(RECORDS PROVIDED Opens)

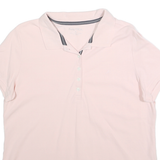 NAUTICA Womens Pink Cotton Blend Polo Shirt XL Short Sleeve Plain Casual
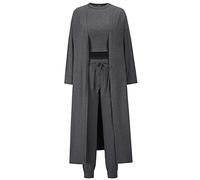 Les umes 3 pezzi tuta da donna Cardigan aperto sul davanti Canottiere Gamba larga Palazzo Pantaloni Lounge Set, grigio, L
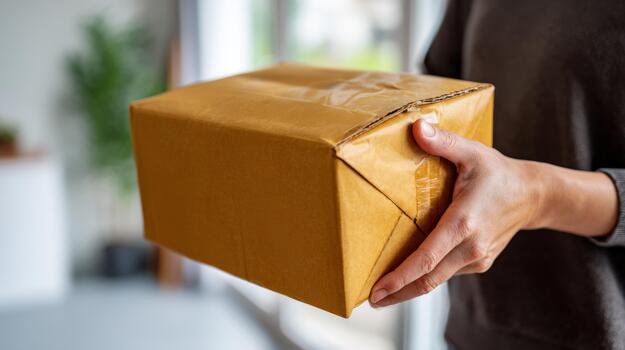 A person holding a sealed brown package in a cozy indoor setting, ready to send or receive a delivery. photo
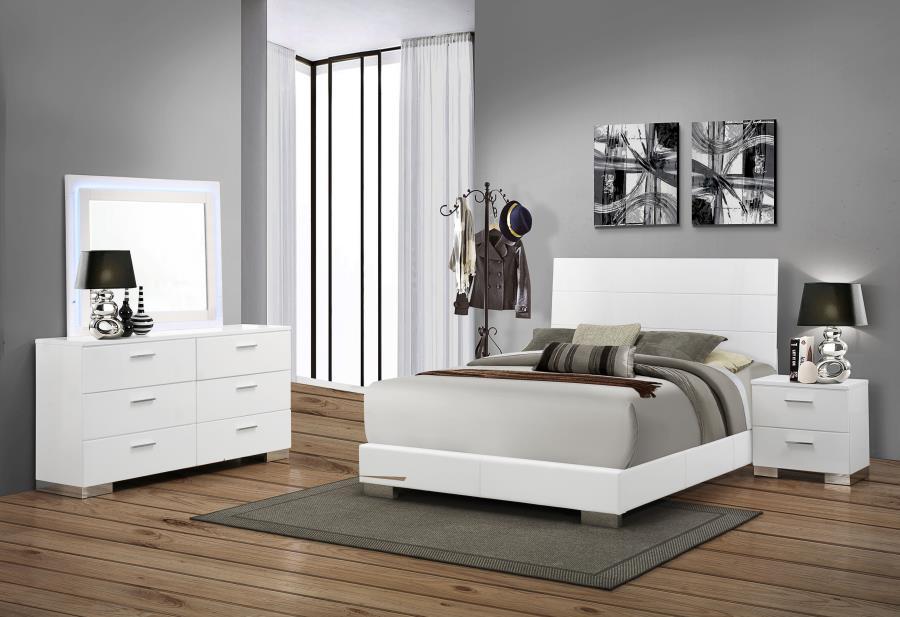 Felicity - Wood LED Dresser Mirror - White High Gloss - Best Buy Furniture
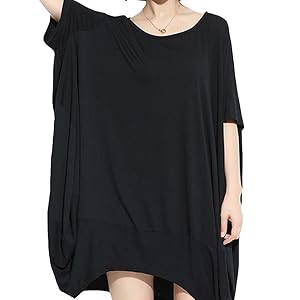 black oversized tshirt dress for women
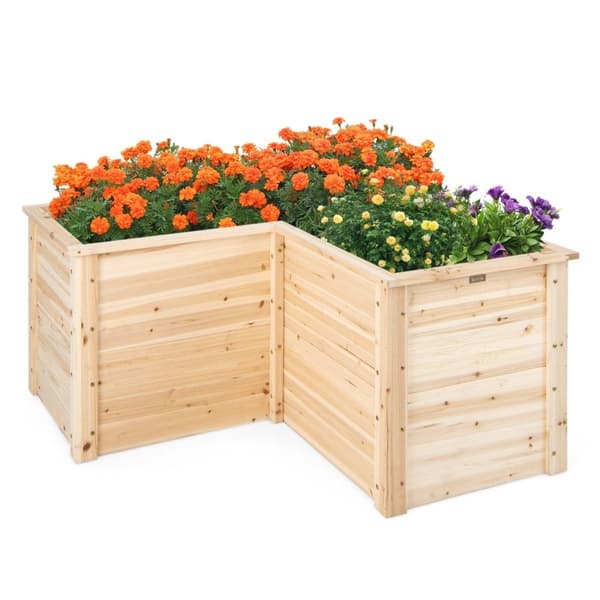 Højbed træ plantekasse til altan haveterrasse urtebed blomsterkasse 120 x 120 x 63 cm natur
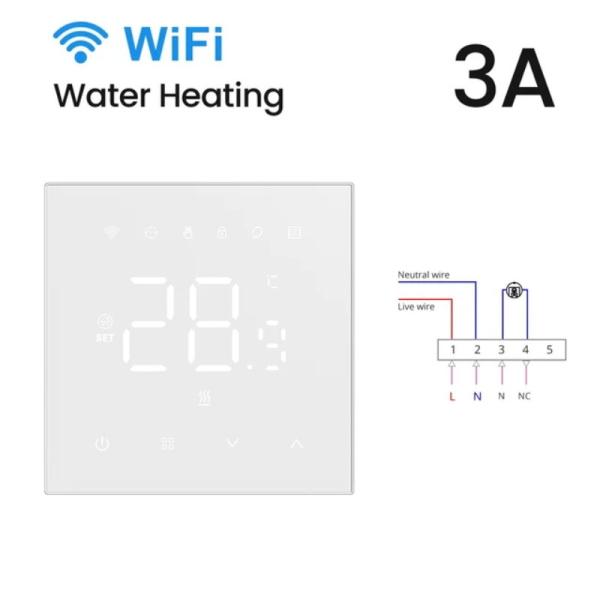 Tuya Wifi Smart Thermostat Switch Electric Water Floor Heating Wall Hanging Furnace Switch 3A Touch / Mobile APP/ Voice Control Compatible with Alexa/Google Home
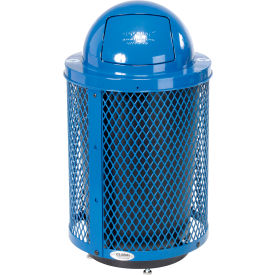 Global Industrial™ Outdoor Diamond Steel Recycling Can With Dome Lid & Base 36 Gallon Blue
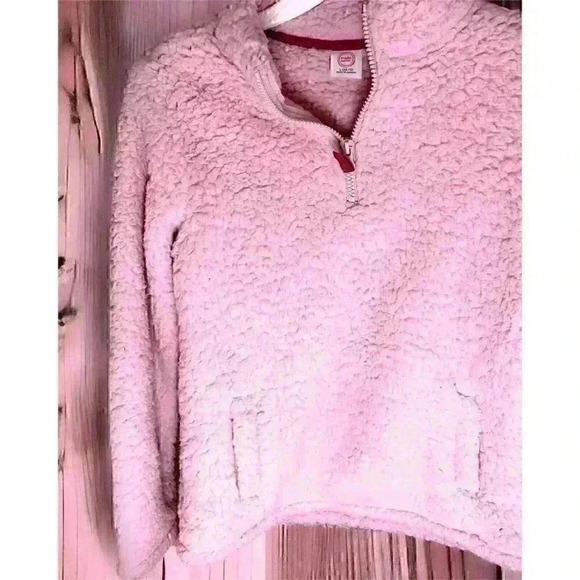 NWT Girls Super Soft, Light Pink, Sherpa Sweater Sz L10/12 Warm Hot Pink Zipper - Picture 4 of 6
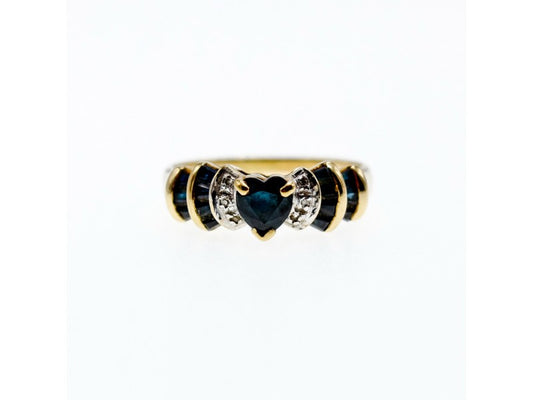 10K Yellow Gold Sapphires & Diamonds "Heart" Ring Size 9.5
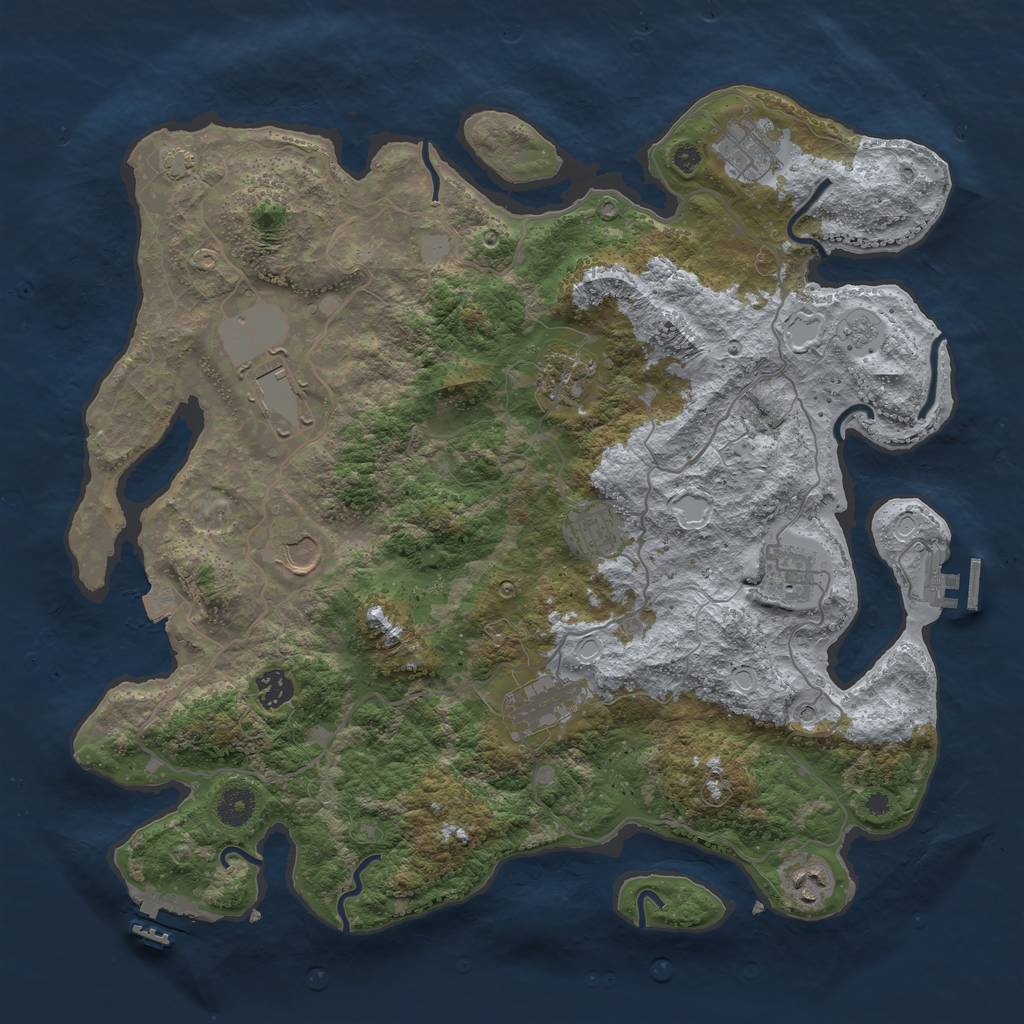 Rust Map: Procedural Map, Size: 4000, Seed: 8222022, 17 Monuments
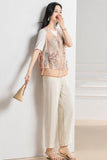 Beauty 2-Piece Green Wide-Leg Cheongsam Set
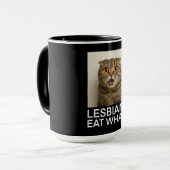 Lesben essen was Lustiges Tasse (Vorderseite Links)
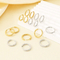 European Ins Striped Plain Round Stainless Steel Huggie Earrings Unisex Versatile Hoops Earrings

(RECORDS PROVIDED Closes)

> **WHAT THE TASK ASKS**:
Could you reproduce every record above exactly, leaving out the pictures?

> **EXERCISE RESULT**:
 NAUTICA Womens Pink Cotton Blend Polo Shirt XL Short Sleeve Plain Casual
 Les umes 3 pezzi tuta da donna Cardigan aperto sul davanti Canottiere Gamba larga Palazzo Pantaloni Lounge Set, grigio, L
 A person holding a sealed brown package in a cozy indoor setting, ready to send or receive a delivery. photo
 Felicity - Wood LED Dresser Mirror - White High Gloss - Best Buy Furniture
 black oversized tshirt dress for women
 Højbed træ plantekasse til altan haveterrasse urtebed blomsterkasse 120 x 120 x 63 cm natur
 Tuya Wifi Smart Thermostat Switch Electric Water Floor Heating Wall Hanging Furnace Switch 3A Touch / Mobile APP/ Voice Control Compatible with Alexa/Google Home
 Global Industrial™ Outdoor Diamond Steel Recycling Can With Dome Lid & Base 36 Gallon Blue
 NWT Girls Super Soft, Light Pink, Sherpa Sweater Sz L10/12 Warm Hot Pink Zipper - Picture 4 of 6
 10K Yellow Gold Sapphires & Diamonds "Heart" Ring Size 9.5
 Rust Map: Procedural Map, Size: 4000, Seed: 8222022, 17 Monuments
 Beauty 2-Piece Green Wide-Leg Cheongsam Set
 Lesben essen was Lustiges Tasse (Vorderseite Links)
 European Ins Striped Plain Round Stainless Steel Huggie Earrings Unisex Versatile Hoops Earrings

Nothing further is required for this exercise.